A question we hear on a surprisingly regular basis is, “How are we doing compared to other people like us?”


For what it’s worth, most people who ask this question are well on track to reach their financial goals—to which, I cannot imagine a more important measuring stick than that—but they remain curious about their relative standing.


It’s understandable, but here are two questions that might offer a helpful perspective on comparing ourselves to others:

  • If you were on track to reach your financial goals, but “behind” your cohort of colleagues, would you be disappointed?

  • On the contrary, if you were not on track to reach your financial goals, but “ahead” of your colleagues, would you be pleased?


As obvious as I hope the “right” answers are to those questions, I’m confident that the number of people who might answer yes to either question is not zero. I say this because there was a study [1] titled “Is More Always Better?” that showed how people will sometimes prefer having less on an overall basis if that meant they would have more when compared to others [2].


It’s a curious phenomenon that might explain why wealthier nations aren’t as happy as they probably should be. Since we’re constantly exposed to people who have bigger houses, nicer cars, and (presumably) earn higher incomes, it’s easy to become discontent with our situation, despite all of us being some of the wealthiest individuals in the world [3].


Admittedly, escaping the comparison trap requires intention, so I thought I’d share three ideas that might encourage more financial contentment. Here we go.


1.      Inner Scorecard vs. Outer Scorecard

Warren Buffett often talks about the value of having an “inner scorecard.” That is, measuring yourself by your own standards and values as opposed to the “outer scorecard,” which defines success by societal validation or comparison. Ask yourself:

“Am I basing my financial satisfaction on whether I’m meeting my own long-term goals, or on how I stack up against my peers?”

If your financial plan is on track and you’re funding the life you want to live, then you are “winning,” no matter what anybody else is doing.


2. The Gap vs the Gain


Most people spend almost all their time focusing on how much more they need to do to get to their future goals (the Gap) and rarely, if ever, take the time to observe how much progress they’ve made through the years (the Gain). To encourage the latter, how does your current situation compare to your wishes from 10, 20, or 30 years ago? Where were you hoping to be today?


In my experience, many clients have accumulated more wealth than they ever imagined or thought possible when they started their journey.

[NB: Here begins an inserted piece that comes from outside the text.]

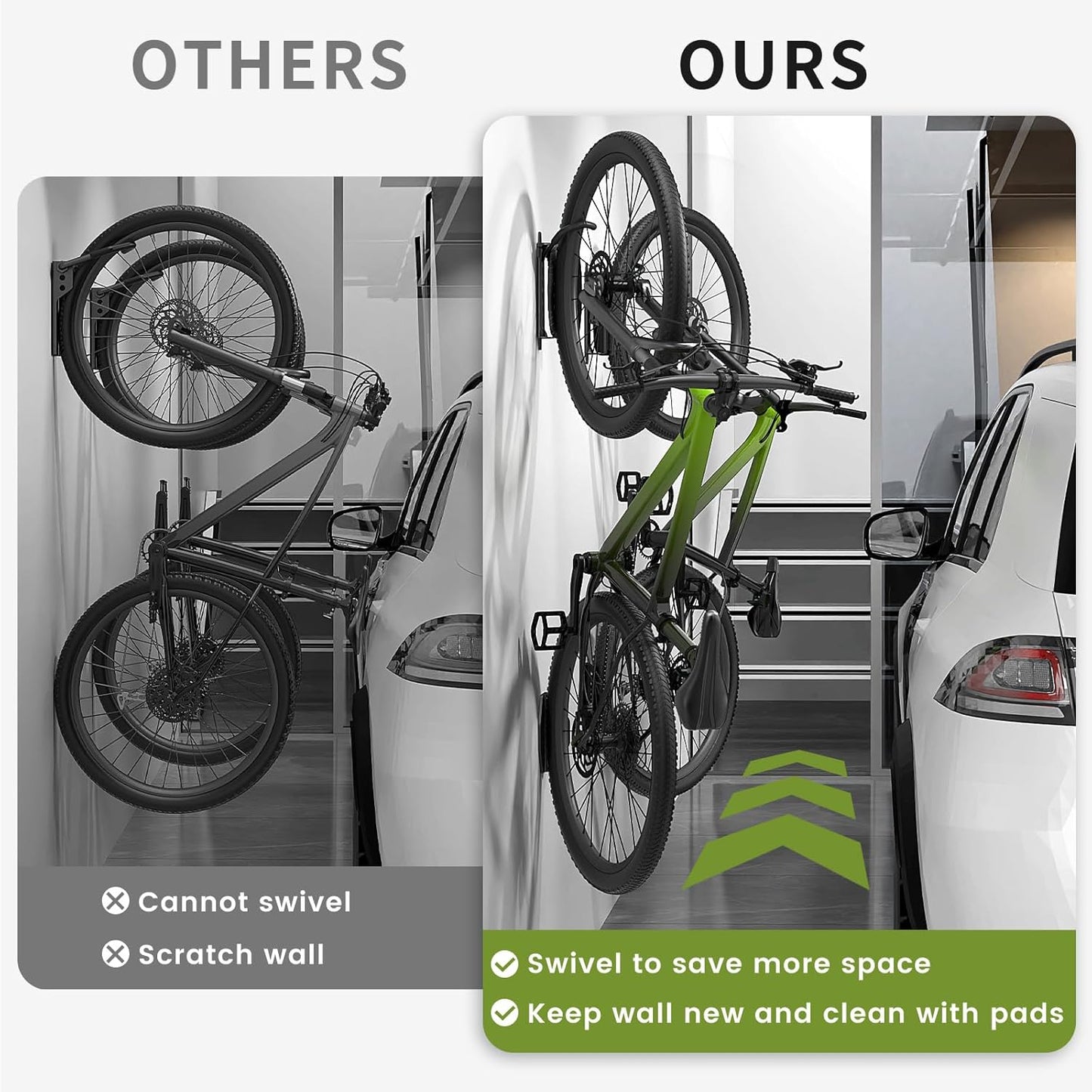 Swivel Bike Wall Mount [2 Pack], 150° Swivel Vertical Bike Rack Wall Hanger Holds up to 66lbs for Mountain/Road/Hybrid Bikes, Bike Hangers, Bicycle Storage Rack for Garage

Recognizing that simple fact can quiet the restless urge for more since it reframes your financial life from “How much further do I still have to go?” to “Look how far I’ve come!”


3. Ask: What Am I Giving Up Today for a Supposedly Better Tomorrow?


Many people delay the things that would bring them joy today—bucket list trips, experiences with loved ones, or even modest purchases that would meaningfully improve their lives—because they think it’s prudent to wait. Meanwhile, the money piles up.


But as Bill Perkins [4] wrote in Die With Zero,

“Since the whole point of money is to have experiences, investing money to get a return with which to have experiences is a roundabout way of having experiences.”

Yes, saving and investing are vital. But so is knowing when enough is enough, so you can start living the life you’ve worked so hard to afford.


The Takeaway


In the Western world, it’s easy to confuse “being ahead” with “being happy.” By keeping our focus on our own scorecard, occasionally pausing to see how far we’ve come, and recognizing when to spend for today instead of saving for tomorrow, we can step out of the comparison game.


True wealth isn’t about having more than others. It’s about having enough to live in alignment with what’s most important to you—and then actually living that life.


[1] Is More Always Better? by Sara Solnick and David Hemenway

[2] For example, half of the respondents preferred earning $50,000 (while others earned $25,000) rather than earning $100,000 (while others earned $200,000).